:: Requirement ::
With the pictures left out, write out exactly the lines of the listing below that run from the line with "Toyota Avensis Бензин, снимка" through the line with "Volkswagen Golf (2011)".

:: Material provided ::
++++++++

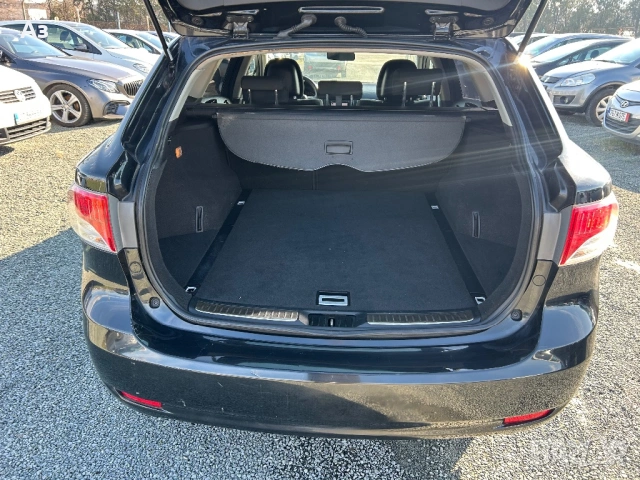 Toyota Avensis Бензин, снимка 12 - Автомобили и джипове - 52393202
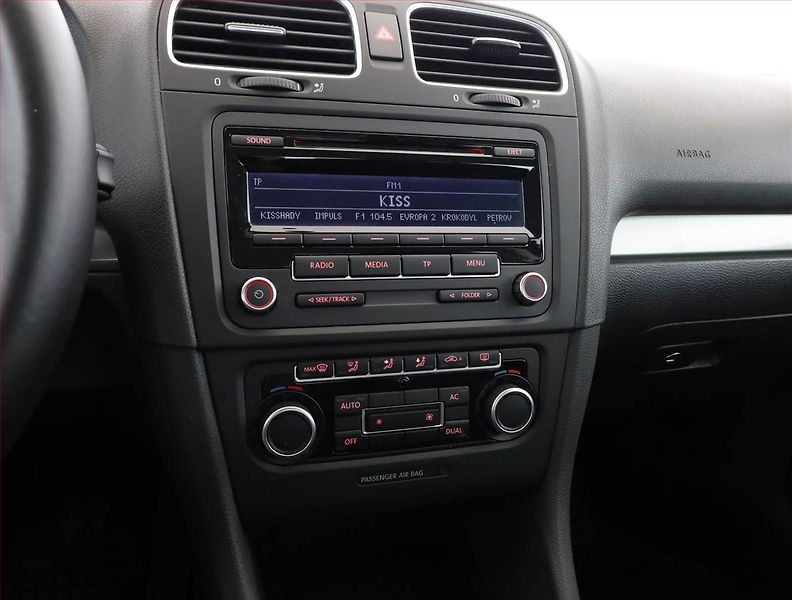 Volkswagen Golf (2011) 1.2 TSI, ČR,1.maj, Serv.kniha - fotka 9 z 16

++++++++

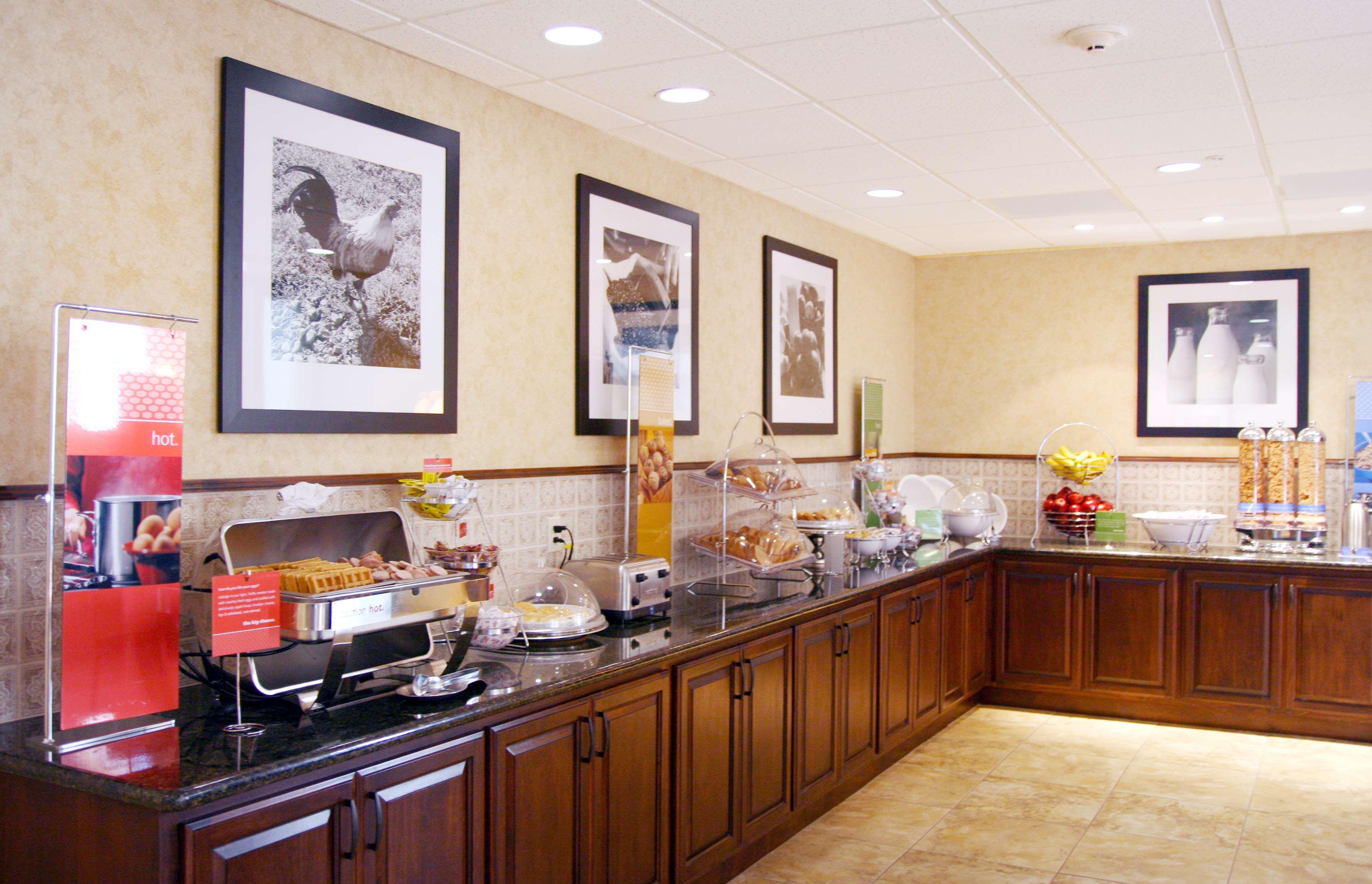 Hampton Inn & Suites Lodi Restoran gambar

++++++++

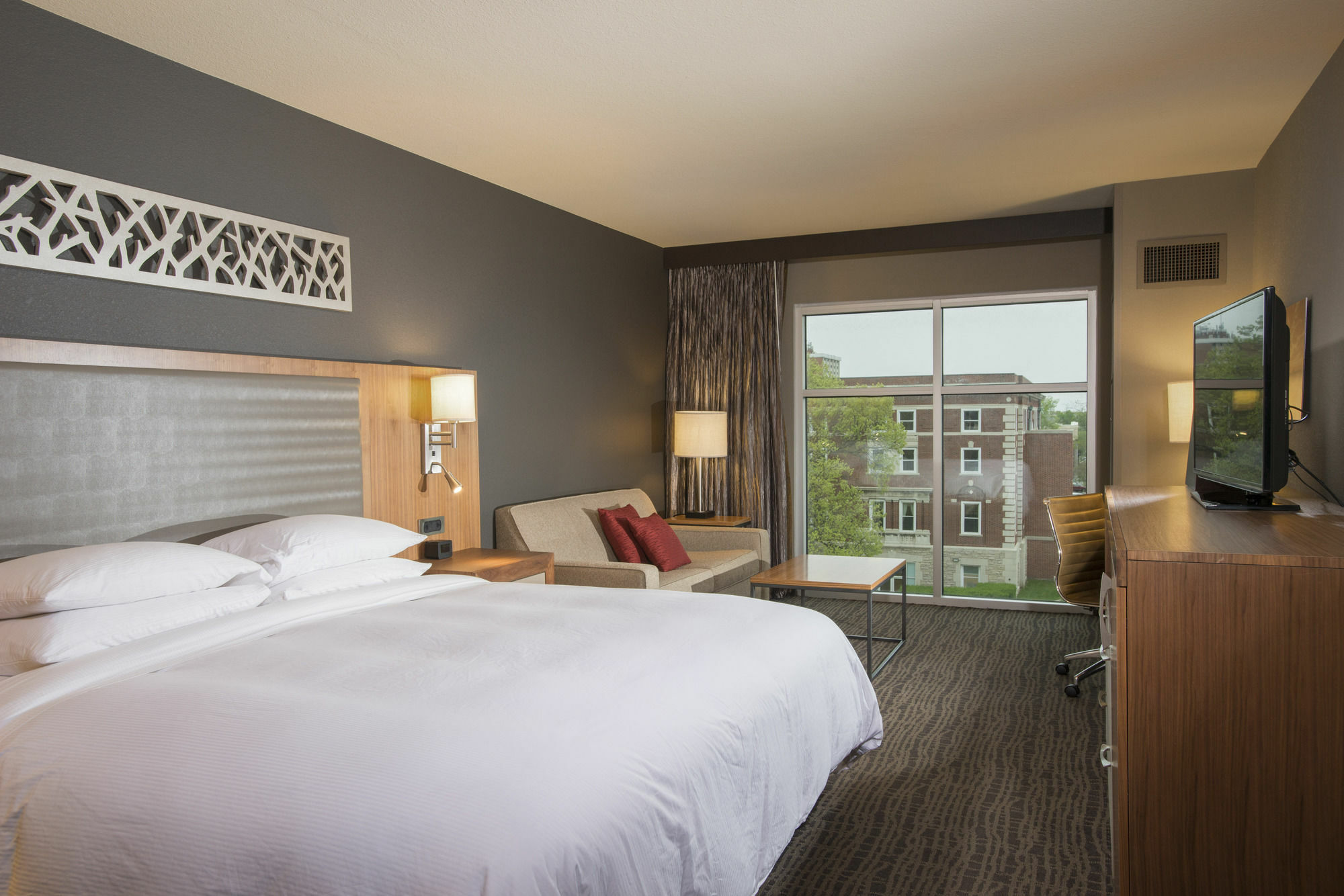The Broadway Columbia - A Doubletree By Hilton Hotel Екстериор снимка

++++++++

:: Output for this exercise ::
 Toyota Avensis Бензин, снимка 12 - Автомобили и джипове - 52393202
 Volkswagen Golf (2011) 1.2 TSI, ČR,1.maj, Serv.kniha - fotka 9 z 16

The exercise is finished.